By Thomson Reuters Mar 13, 2024 | 2:31 PM

(Reuters) – James Crumbley, whose son killed four fellow students in a 2021 U.S. school shooting, criminally failed to heed warning signs about his son’s instability, resulting in a foreseeable tragedy, prosecutors said in closing arguments on Wednesday at his manslaughter trial.

Crumbley, 47, is being tried on four counts of involuntary manslaughter for allegedly ignoring his son’s mental state and not securing the semi-automatic pistol that prosecutors say he bought as a Christmas present for his son, Ethan.

That was just days before Ethan Crumbley, then 15, used the gun in the 2021 shooting, killing four fellow students at Oxford High School near Detroit.

“He did nothing over and over and over again,” Oakland County, Michigan, prosecutor Karen McDonald told the jury.

Defense attorney Mariell Lehman argued that James Crumbley could not have known what his son would do.

Last month Crumbley’s wife was convicted on the same unusual charge. Ethan Crumbley pleaded guilty in 2022 to four counts of first-degree murder and other charges and was sentenced to life in prison without parole in December.

Witnesses have testified during the trial that on the morning of the shootings, a teacher discovered drawings by Ethan Crumbley depicting a handgun, a bullet and a bleeding figure next to the words “Blood everywhere,” “My life is useless,” and “The thoughts won’t stop – help me.”

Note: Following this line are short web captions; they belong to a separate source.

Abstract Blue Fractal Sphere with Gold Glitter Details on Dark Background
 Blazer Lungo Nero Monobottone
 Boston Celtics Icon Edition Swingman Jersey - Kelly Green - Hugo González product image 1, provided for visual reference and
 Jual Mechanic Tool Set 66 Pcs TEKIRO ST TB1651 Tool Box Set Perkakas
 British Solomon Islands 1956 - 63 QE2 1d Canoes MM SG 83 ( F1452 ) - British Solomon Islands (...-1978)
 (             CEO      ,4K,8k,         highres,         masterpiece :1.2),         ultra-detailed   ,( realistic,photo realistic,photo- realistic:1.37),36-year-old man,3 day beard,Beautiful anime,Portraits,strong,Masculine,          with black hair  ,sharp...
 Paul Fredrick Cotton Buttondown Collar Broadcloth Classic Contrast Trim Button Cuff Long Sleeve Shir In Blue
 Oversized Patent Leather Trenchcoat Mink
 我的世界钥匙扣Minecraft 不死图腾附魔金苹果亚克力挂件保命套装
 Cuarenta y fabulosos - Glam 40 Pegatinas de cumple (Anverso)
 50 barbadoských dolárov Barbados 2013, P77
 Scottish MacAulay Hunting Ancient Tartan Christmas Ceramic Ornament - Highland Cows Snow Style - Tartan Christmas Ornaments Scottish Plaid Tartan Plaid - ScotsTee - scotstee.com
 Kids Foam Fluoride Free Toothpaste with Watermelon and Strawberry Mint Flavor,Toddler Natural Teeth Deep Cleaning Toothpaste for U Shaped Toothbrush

The Crumbleys were summoned to the school that morning and told that Ethan needed counseling and they needed to take him home, according to prosecutors. The couple resisted taking their son home and did not search his backpack or ask him about the gun, prosecutors said; the teenager returned to class and later walked out of a bathroom with the gun and began firing.

McDonald also presented the jury with texts that Ethan Crumbley had sent to a friend and journal entries he had written in the months leading up to the shooting, in which he talked about wanting medical attention and hearing voices, but he was worried his parent would be “pissed.”

On one occasion, according to a text message to a friend, McDonald said Ethan had asked James Crumbley to take him to the doctor but his dad “gave me some pills and told me to suck it up.”

Defense attorney Lehman argued that “James had no idea that his son was having a hard time,” saying there was no evidence that James knew the contents of his son’s text messages or journal.

Lawyers for Jennifer Crumbley, James’ wife, made a similar argument in her trial on the same charge, which ended with her conviction on Feb. 6. That was the first time a parent faced such a charge stemming from a U.S. school shooting by a child.

The U.S., a country with persistent gun violence, has experienced a series of school shootings over the years, often carried out by current or former students.

The jury began deliberating on Wednesday afternoon.